**WORK INSTRUCTIONS:** Among the records below, find the line that has "Schneeberg Erzgebirge Ernst"; from there, give the lines again exactly, and stop after the line that has "COD/DS/BAJU SWEATER IMPOSSIBLE (M-L)".

**INPUT DATA:**
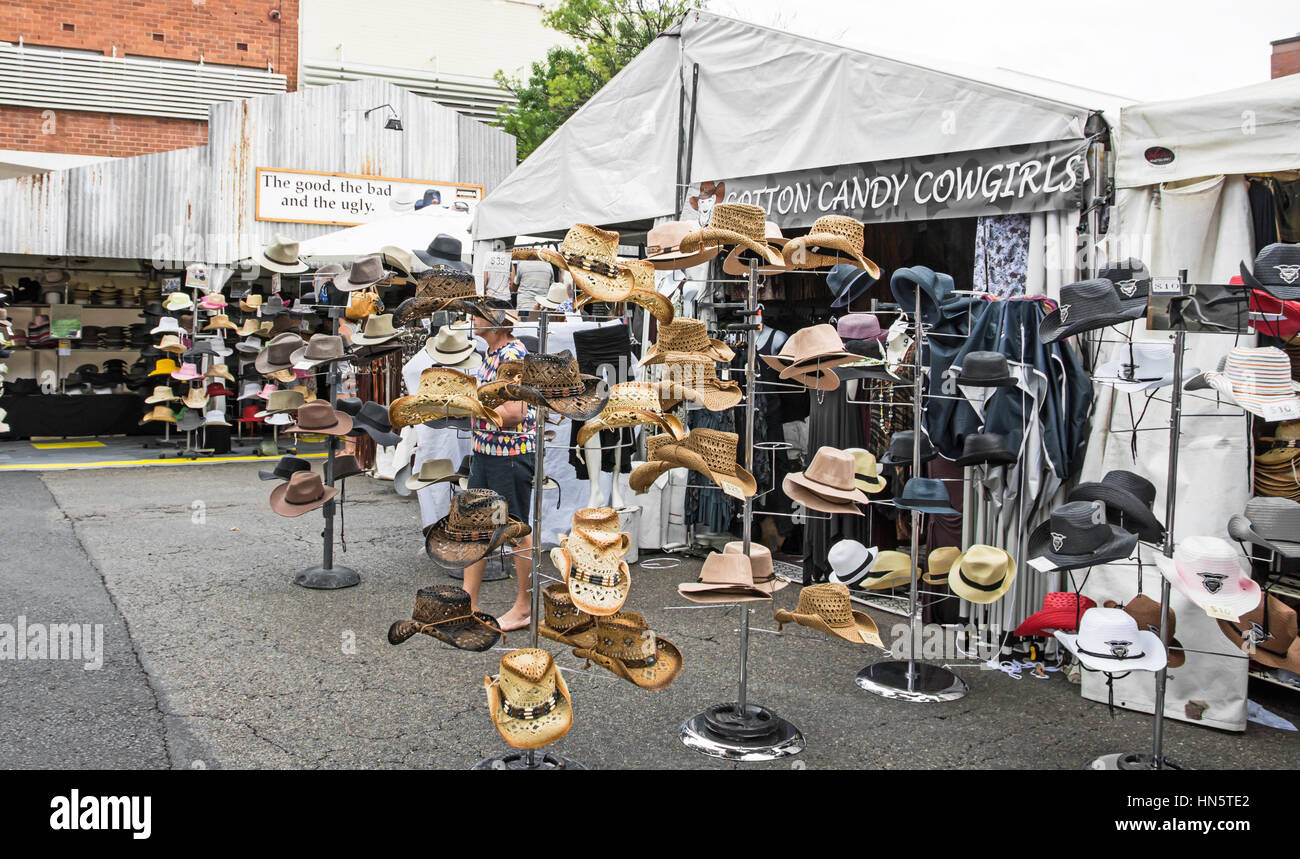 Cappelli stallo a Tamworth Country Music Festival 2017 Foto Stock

...

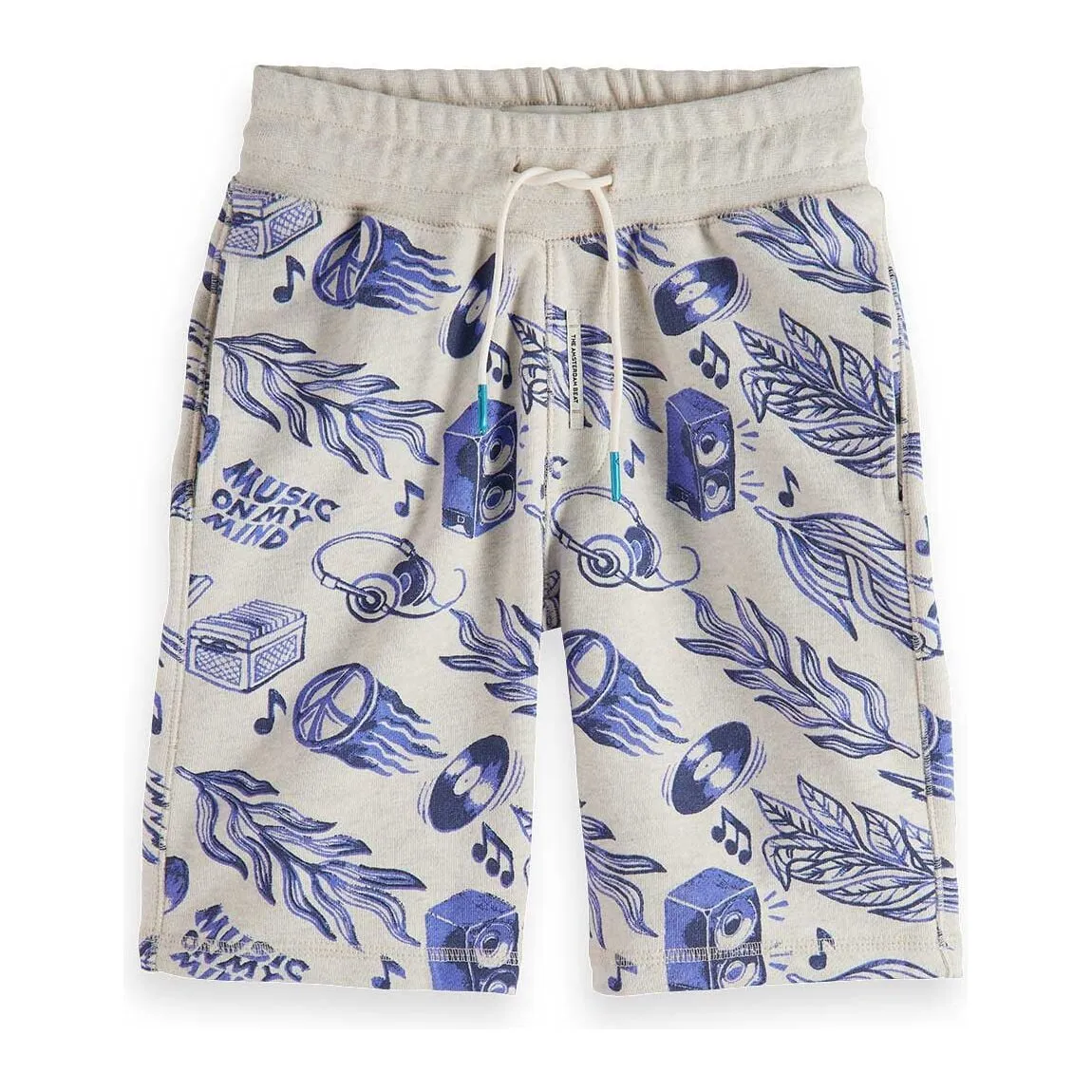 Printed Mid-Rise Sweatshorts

--

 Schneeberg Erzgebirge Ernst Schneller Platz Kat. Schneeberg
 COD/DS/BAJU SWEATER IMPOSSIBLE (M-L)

**EXERCISE SOLUTION:**
 Schneeberg Erzgebirge Ernst Schneller Platz Kat. Schneeberg
 COD/DS/BAJU SWEATER IMPOSSIBLE (M-L)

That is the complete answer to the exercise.